[CentOS-mirror] Thoughts on DVD images

David Richardson

david.richardson at utah.edu
Mon May 24 19:23:50 UTC 2010


On Wed, 19 May 2010, Karanbir Singh wrote:

> On 05/19/2010 06:08 PM, Jonathan Thurman wrote:
>>
>> I don't think that the msync pool should be wide open for anyone to 
>> access.  Those that are hosting public mirrors of content should have a 
>> pool that they can sync to that is restricted, or at least have 
>> priority over unknown users.  Otherwise it could be more difficult for 
>> the public mirror system to stay up to date.
>
> Yeah, thats the main thing - being able to get the rsync tree's out to 
> the public mirrors asap, while still having enough resources within 
> .centos.org.
>
> So here is a question for you - as a mirror admin, would you host an 
> rsync target that msync.c.o could push into ? It could be ither based on 
> a user/pass acl or a key. And we would give you a list of ip's that will 
> push to your machine.


I think closing the msync machines (tier 0, in Fedora-speak) to the 
general public (at least for rsync) is probably a good idea. It would 
allow more bandwidth and connections to be used by public tier-1s. People 
wanting to create a new tier-1 can get their initial sync from another 
tier-1.

I have reservations about requiring push mirroring. The main advantage I 
see with push is that an rsync is only started when there is new content. 
It would reduce the load on the tier-0s when there is no new data.

I see two downsides, however. First, I can't coordinate when my server 
syncs from different projects. Currently, I know that (for example) CentOS 
and Fedora won't try to update at the same time, because I control when 
those syncs start.
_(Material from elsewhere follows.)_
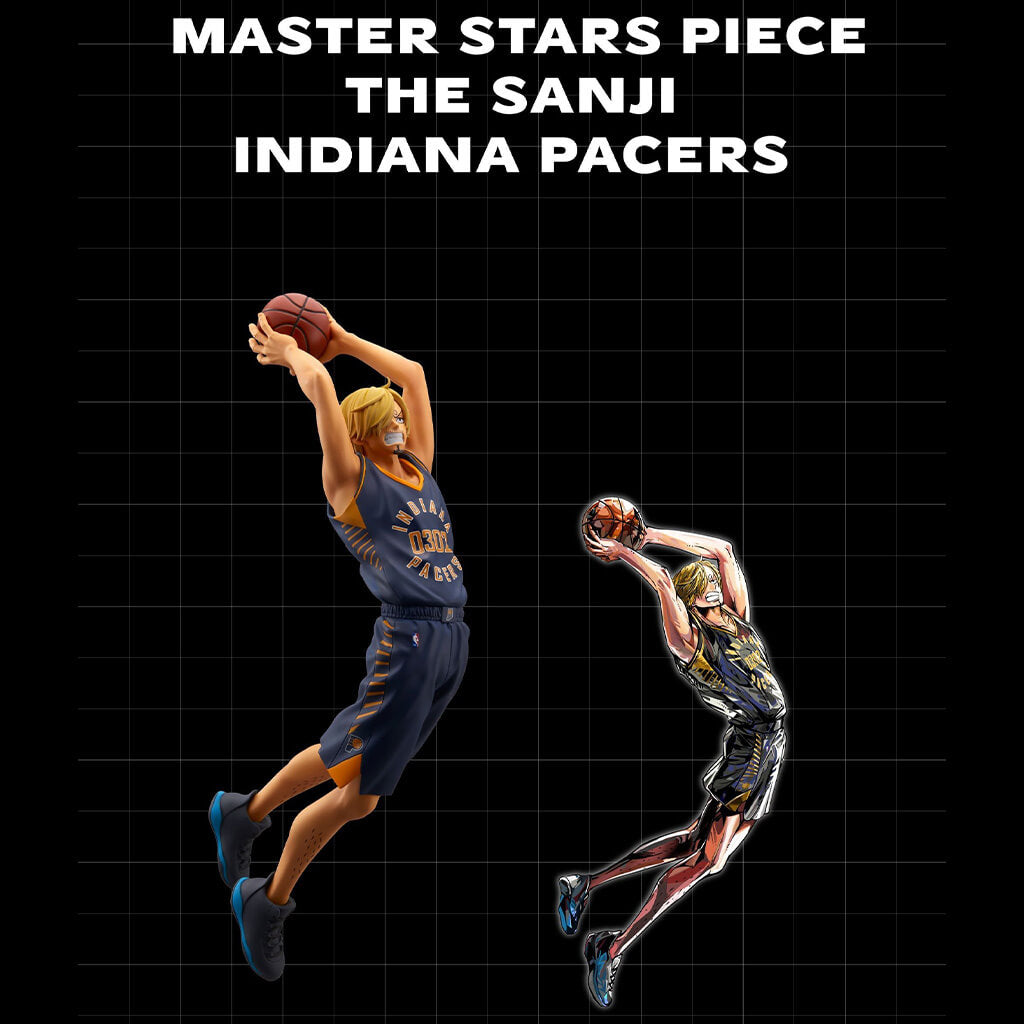 ONE PIECE - FIGURA THE SANJI INDIANA PACERS ONE PIECE x NBA MASTER STARS PIECE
I lose that with push.

The second concern is the security aspect. To allow push, I have to open 
ssh to machines outside my network and outside my control. I don't know 
how happy my security folks will be with that.

I think it would be better to make push mirroring an option, rather than a 
requirement.

DR

-- 
David Richardson <david.richardson at utah.edu>
"There are two kinds of statistics:
the kind you look up and the kind you make up."